This project provides a solution for training and validating seq2seq models for information extraction. The method can be applied for any text-only type of document, such as legal, registration, news, etc. The project extracts information by question answering.
In this work, we evaluate sequence-to-sequence models as an alternative to token-level classification methods to extract information from documents. T5 models are finetuned to jointly extract the information and generate the output in a structured format. Post-processing steps are learned during training, eliminating the need for rule-based methods and simplifying the pipeline.

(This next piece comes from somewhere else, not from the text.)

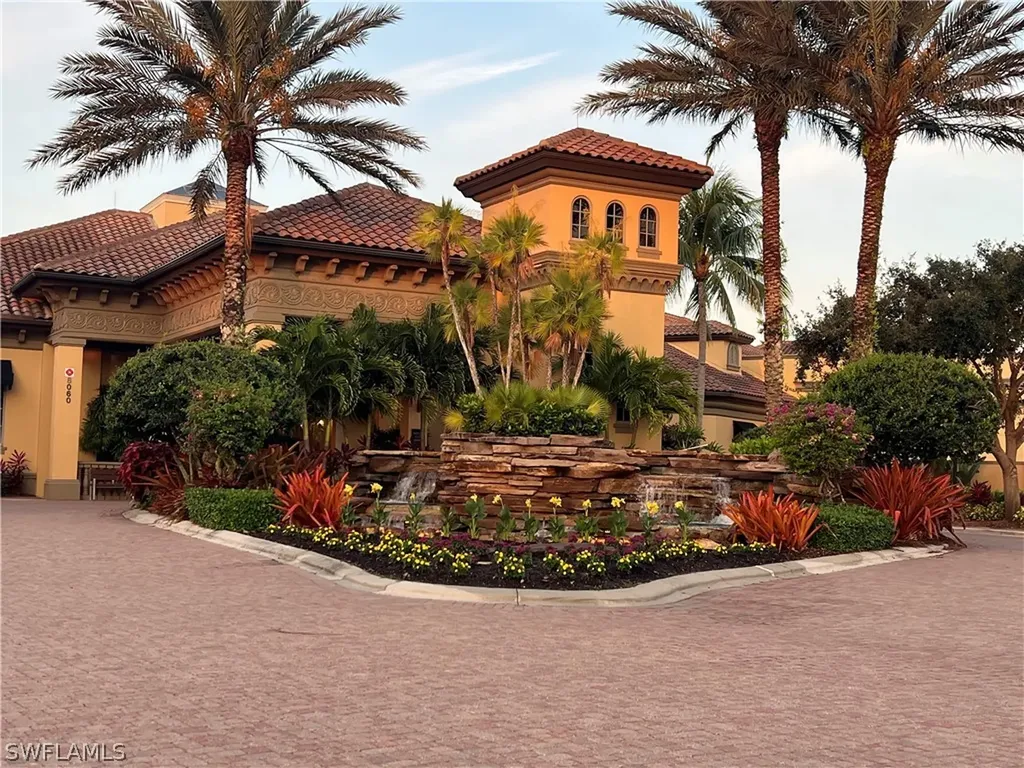 8141 Saratoga Drive Naples FL 34113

Neither the models weights nor the datasets are available for ethical issues. But we make efforts to release the source code that works for different models of T5 family, and can be easily extended for new datasets and different languages.
Clone the repository and install via:
pip install .
Configure the parameters in params.yaml
. Then, preprocess the datasets by running:
python information_extraction_t5/data/convert_dataset_to_squad.py -c params.yaml
Start the fine-tuning experiment via:
python information_extraction_t5/train.py -c params.yaml
The code executes both the training and inference using the checkpoint with best exact matching over the validation set, as well as the complete post-processing that involves especially:
- selecting the most likely answer (the sliding window that provided the highest-probability response), and
- breaking compound answers in clean and individual sub-answers.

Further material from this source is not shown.